• [What this task involves]
Find the line containing "192205 E 247th Pr Se, Kennewick, WA 99337" in the listing below; reproduce it and every line after, exactly. Skip pictures.

• [Material provided]

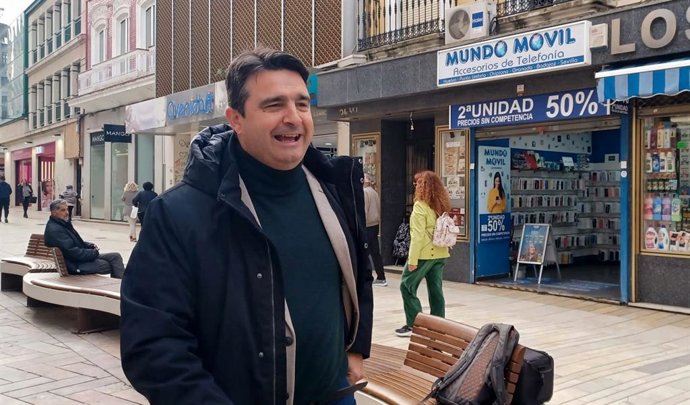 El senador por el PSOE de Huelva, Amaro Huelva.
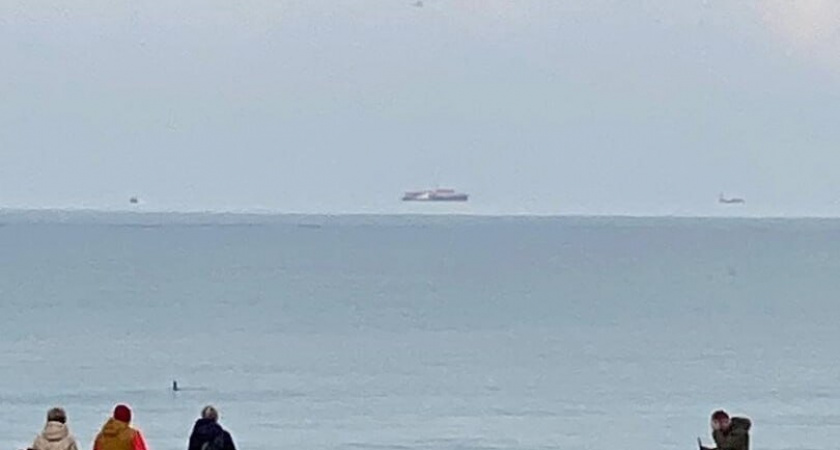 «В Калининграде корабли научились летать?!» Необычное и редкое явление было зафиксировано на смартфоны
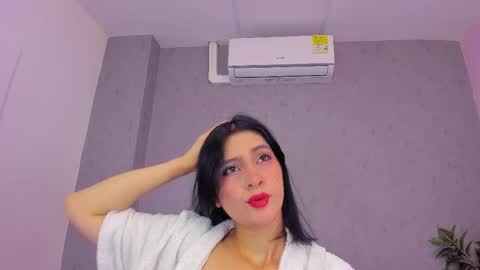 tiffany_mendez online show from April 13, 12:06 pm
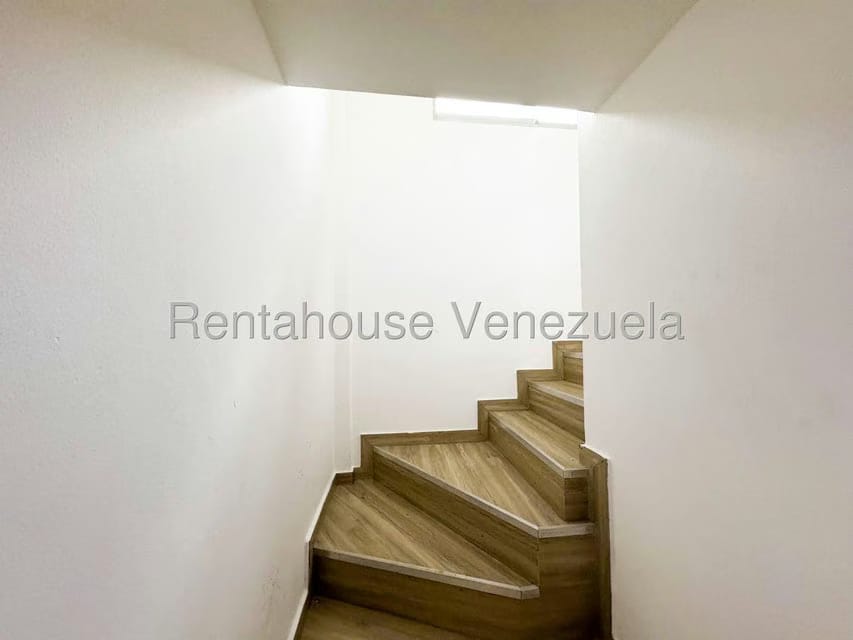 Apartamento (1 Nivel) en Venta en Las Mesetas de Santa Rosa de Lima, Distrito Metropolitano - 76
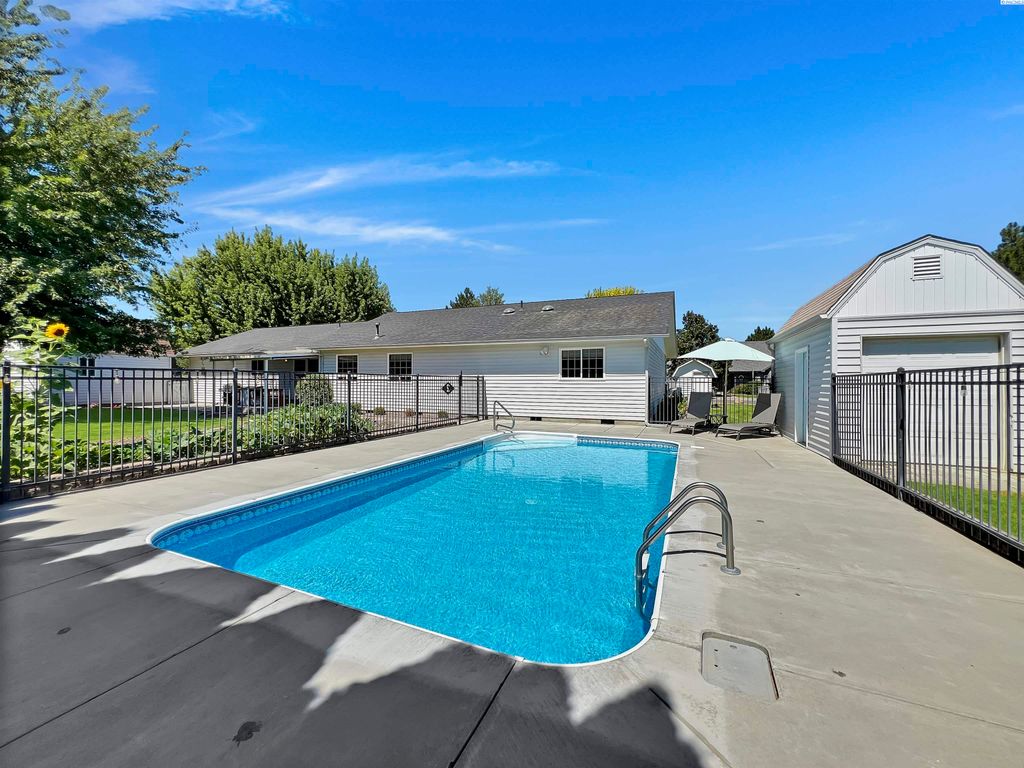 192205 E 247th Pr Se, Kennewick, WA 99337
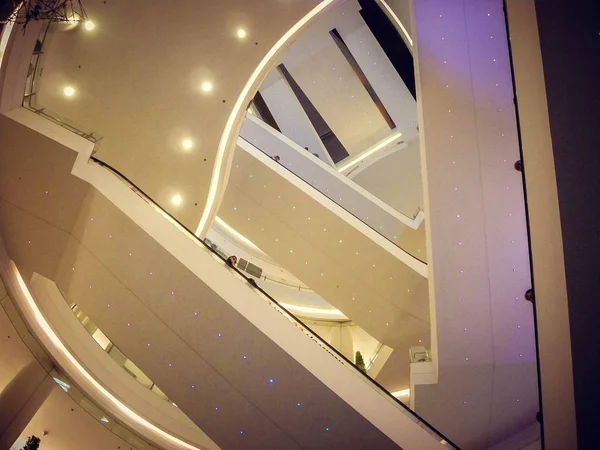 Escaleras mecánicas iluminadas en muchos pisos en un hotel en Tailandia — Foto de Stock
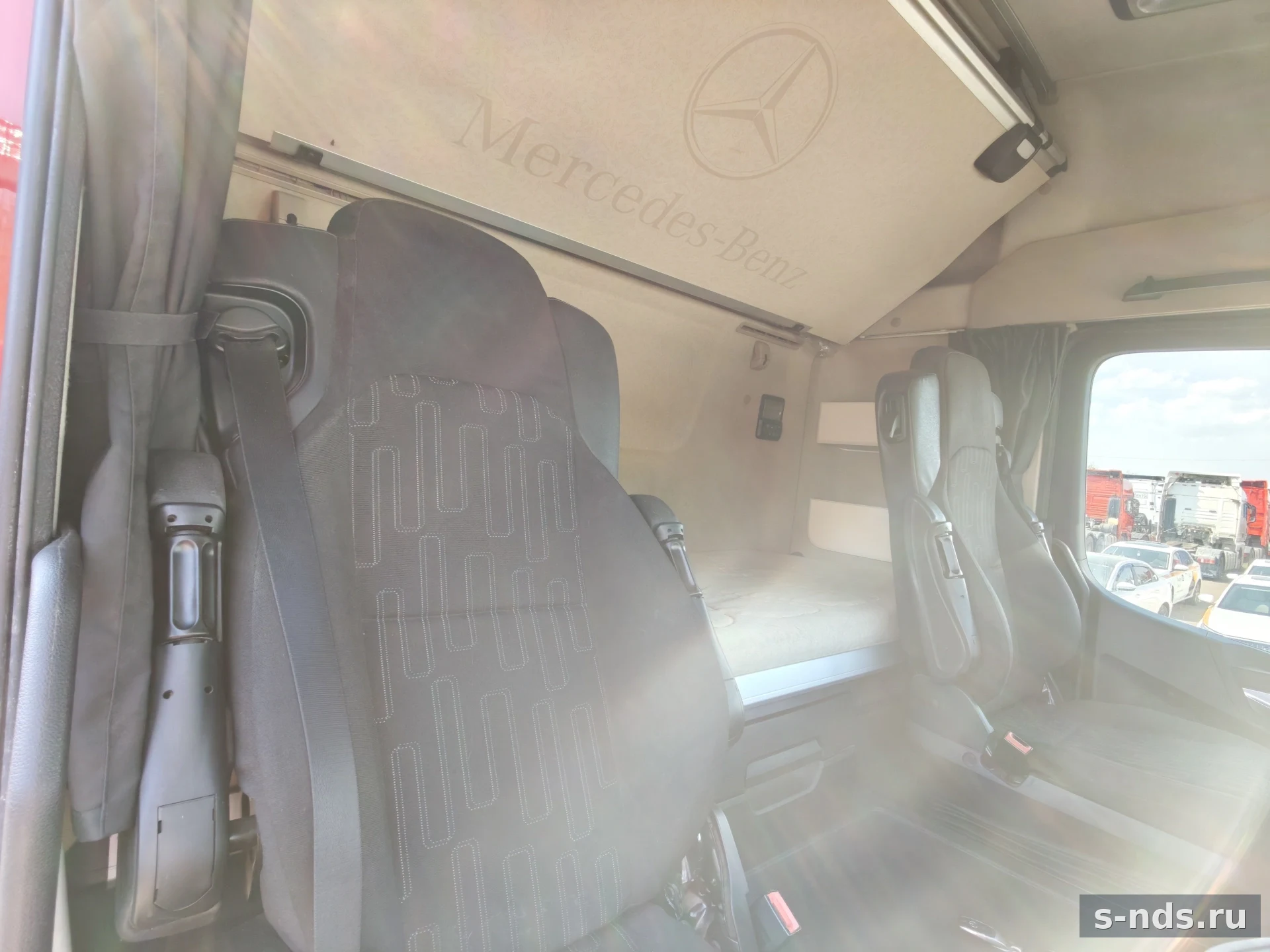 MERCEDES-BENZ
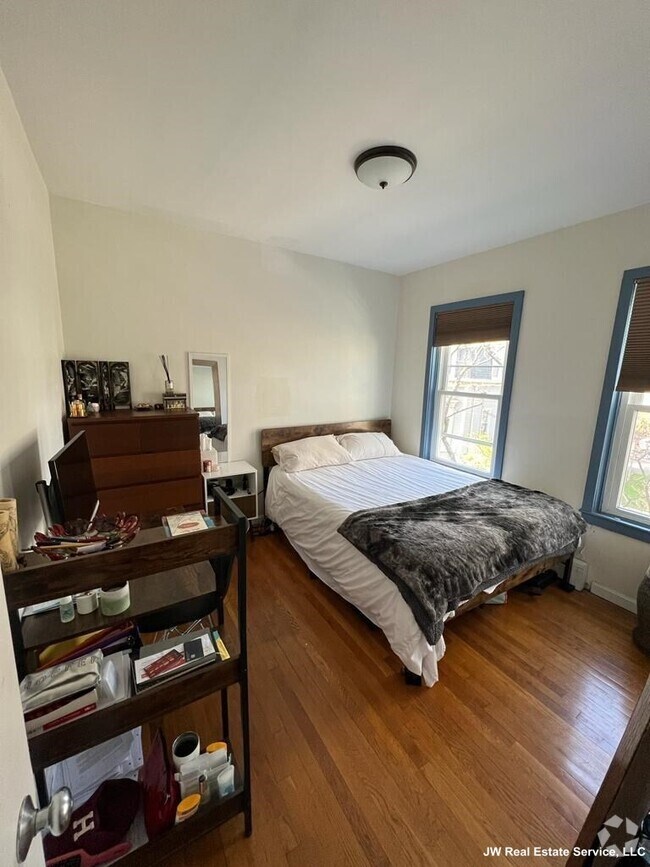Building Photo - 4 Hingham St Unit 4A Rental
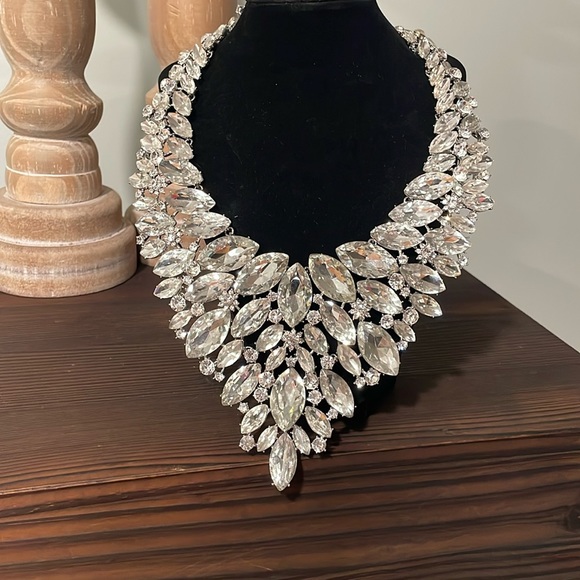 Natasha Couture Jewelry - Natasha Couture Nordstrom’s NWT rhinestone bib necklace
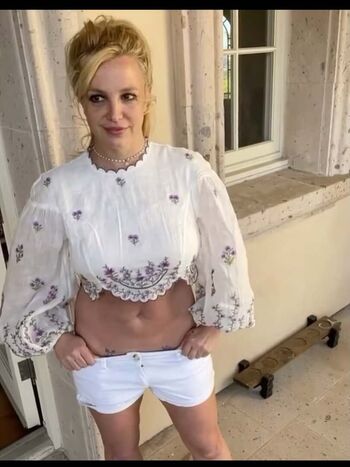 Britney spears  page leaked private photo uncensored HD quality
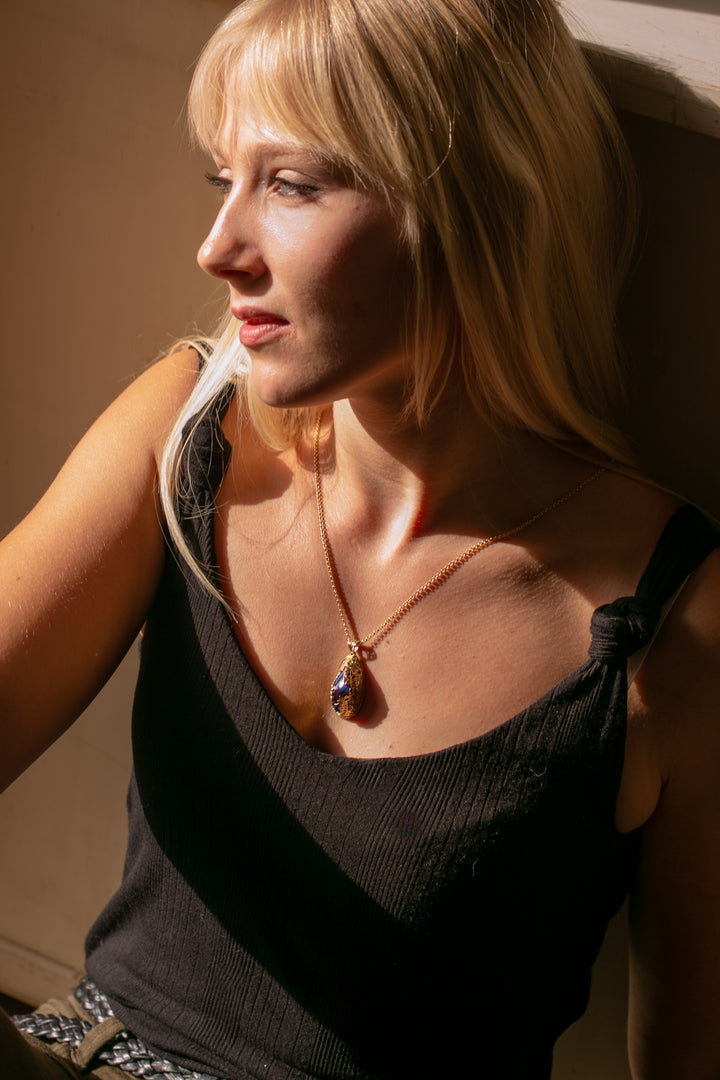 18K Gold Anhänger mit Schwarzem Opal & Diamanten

• [Output for this exercise]
 192205 E 247th Pr Se, Kennewick, WA 99337
 Escaleras mecánicas iluminadas en muchos pisos en un hotel en Tailandia — Foto de Stock
 MERCEDES-BENZ
Building Photo - 4 Hingham St Unit 4A Rental
 Natasha Couture Jewelry - Natasha Couture Nordstrom’s NWT rhinestone bib necklace
 Britney spears  page leaked private photo uncensored HD quality
 18K Gold Anhänger mit Schwarzem Opal & Diamanten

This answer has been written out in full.